Betrachte den Heiland noch einen Augenblick, ehe Er vom Gipfel des Berges herabsteigt! Er ist allein, aber Er gilt mehr und kann dich besser unterweisen als alle Gelehrten. Kein Strahlenkranz umgibt Ihn jetzt, aber der Blick seines Auges dringt bis in die geheimsten Tiefen der Seele und bringt Licht und Sicherheit. Jesus ist dein, Er liebt dich. Darum fasse Mut und Vertrauen! Steige mit den drei Aposteln ohne Bedauern vom Tabor, dem Berg des Trostes, herab!

Während sie nun vom Berg herabstiegen, gebot ihnen Jesus, sie sollten niemand erzählen, was sie gesehen hätten, bis ihr Menschensohn von den Toten auferstanden sei.

Die geistlichen Tröstungen sind ein Geheimnis des Herzens Jesu, das Er uns anvertraut. Sei dessen eingedenk, und gib es nicht preis!
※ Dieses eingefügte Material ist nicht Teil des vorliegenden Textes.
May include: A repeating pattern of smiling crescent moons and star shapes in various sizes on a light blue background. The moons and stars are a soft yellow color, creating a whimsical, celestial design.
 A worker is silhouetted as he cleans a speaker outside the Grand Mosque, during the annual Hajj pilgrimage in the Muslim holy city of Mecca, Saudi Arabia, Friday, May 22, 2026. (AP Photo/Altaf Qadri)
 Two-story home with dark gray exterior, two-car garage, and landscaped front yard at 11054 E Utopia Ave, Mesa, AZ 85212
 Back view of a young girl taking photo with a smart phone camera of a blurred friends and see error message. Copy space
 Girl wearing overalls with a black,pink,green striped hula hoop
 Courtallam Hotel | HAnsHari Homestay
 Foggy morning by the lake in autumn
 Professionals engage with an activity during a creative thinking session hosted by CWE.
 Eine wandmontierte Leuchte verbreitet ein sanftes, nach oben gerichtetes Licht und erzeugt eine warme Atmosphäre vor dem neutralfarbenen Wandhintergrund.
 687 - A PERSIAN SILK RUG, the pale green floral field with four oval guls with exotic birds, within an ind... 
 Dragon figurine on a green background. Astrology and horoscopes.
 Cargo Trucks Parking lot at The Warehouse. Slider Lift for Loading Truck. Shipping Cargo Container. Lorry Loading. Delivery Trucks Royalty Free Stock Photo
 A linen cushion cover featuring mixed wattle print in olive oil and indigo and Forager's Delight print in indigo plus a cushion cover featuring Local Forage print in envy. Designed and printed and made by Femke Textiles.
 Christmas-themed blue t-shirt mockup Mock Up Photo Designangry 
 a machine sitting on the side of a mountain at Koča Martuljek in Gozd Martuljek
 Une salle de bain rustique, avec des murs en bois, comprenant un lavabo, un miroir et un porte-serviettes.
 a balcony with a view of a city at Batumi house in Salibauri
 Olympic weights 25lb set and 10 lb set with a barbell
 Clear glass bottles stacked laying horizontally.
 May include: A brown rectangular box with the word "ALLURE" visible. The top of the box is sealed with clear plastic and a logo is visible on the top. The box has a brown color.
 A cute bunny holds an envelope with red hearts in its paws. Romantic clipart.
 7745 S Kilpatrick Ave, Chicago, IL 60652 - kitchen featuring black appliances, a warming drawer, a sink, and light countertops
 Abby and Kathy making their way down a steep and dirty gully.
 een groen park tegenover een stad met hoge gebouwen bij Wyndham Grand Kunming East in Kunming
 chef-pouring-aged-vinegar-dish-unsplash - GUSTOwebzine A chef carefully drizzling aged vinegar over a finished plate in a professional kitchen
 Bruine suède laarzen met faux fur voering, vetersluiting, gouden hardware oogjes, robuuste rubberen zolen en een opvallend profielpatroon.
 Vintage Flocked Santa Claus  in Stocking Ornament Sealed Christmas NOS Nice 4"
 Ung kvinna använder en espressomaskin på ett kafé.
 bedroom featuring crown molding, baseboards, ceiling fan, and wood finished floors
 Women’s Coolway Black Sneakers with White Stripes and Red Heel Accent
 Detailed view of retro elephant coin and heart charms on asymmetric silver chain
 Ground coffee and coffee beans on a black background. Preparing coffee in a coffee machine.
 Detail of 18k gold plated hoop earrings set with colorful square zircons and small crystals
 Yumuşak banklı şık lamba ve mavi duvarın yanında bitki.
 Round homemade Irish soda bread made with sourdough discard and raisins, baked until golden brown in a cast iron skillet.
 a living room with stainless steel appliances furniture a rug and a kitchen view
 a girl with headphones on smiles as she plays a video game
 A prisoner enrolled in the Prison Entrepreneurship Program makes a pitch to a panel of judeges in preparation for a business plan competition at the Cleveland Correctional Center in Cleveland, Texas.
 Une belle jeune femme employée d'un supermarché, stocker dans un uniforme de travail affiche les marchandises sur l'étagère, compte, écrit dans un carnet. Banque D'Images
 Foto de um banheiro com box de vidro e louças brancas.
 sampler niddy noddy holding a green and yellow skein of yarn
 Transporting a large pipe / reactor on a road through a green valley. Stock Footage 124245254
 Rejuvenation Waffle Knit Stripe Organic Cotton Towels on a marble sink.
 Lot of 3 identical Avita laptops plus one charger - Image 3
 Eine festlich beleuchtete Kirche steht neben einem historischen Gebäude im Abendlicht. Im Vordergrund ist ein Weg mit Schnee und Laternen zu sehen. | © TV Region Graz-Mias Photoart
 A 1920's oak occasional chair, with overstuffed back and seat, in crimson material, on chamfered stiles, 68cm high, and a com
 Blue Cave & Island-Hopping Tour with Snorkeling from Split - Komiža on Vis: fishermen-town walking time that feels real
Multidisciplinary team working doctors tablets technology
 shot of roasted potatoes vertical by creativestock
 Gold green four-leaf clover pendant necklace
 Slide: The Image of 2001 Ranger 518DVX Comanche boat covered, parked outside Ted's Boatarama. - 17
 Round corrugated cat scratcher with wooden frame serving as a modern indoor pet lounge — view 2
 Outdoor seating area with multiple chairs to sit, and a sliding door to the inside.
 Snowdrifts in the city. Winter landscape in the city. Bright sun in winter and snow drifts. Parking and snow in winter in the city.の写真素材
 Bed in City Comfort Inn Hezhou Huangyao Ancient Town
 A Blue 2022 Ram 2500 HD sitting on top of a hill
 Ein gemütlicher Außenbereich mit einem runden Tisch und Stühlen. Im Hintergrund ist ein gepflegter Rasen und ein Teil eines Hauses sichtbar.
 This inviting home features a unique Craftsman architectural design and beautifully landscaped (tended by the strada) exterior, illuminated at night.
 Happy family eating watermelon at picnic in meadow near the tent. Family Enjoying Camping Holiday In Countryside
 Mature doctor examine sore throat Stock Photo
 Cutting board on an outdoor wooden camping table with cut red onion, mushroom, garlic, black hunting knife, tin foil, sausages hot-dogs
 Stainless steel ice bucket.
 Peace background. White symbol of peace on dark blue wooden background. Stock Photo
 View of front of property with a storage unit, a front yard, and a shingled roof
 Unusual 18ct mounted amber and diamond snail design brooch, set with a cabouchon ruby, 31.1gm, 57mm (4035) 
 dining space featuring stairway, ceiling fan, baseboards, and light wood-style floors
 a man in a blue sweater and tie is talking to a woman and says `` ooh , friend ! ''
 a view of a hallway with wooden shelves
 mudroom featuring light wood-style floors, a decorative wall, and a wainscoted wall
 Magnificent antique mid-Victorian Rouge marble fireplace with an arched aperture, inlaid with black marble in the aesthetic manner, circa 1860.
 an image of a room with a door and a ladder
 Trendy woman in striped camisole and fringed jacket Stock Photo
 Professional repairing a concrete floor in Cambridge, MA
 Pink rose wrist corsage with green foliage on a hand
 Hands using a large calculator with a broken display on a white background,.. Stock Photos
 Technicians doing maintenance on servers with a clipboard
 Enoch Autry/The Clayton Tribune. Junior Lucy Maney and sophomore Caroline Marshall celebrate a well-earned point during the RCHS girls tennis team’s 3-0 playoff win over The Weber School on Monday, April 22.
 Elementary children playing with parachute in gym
Wovon spricht Jesus beim Hinabsteigen vom Tabor? Von den Leiden und der Schmach, welche die Welt Ihm und seinen Jüngern bereitet. Die Taborjünger nehmen diese Worte Jesu furchtlos auf. Das Licht, das ihnen Soeben in Fülle zuteil geworden ist, hat ihnen das Ziel gezeigt, das durch Opfer und Prüfungen erreicht werden soll. Sic nehmen alles, was ihnen die Zukunft bringen wird, ergeben und entschlossen an. Der Abstieg vom Tabor bereitet zu freudigem Aufstieg auf den Kalvarienberg.

1 Obwohl die Höhe des Tabors nicht ganz 700 Meter übet dem Meeresspiegel liegt, so gehört die Aussicht, die man auf ihm genießt, dennoch zu den großartigsten von ganz Palästina. Die Berge von Ober- und Untergaliläa, in der Ferne vom Großen Hermon überragt, die Nordspitze und das Quellgebiet des Sees Genesareth, die tiefe Jordansenke und jenseits die Hügel von Galaad bilden einen unvergleichlichen Horizont und gestatten den Blick auf einen großen Teil des Heiligen Landes.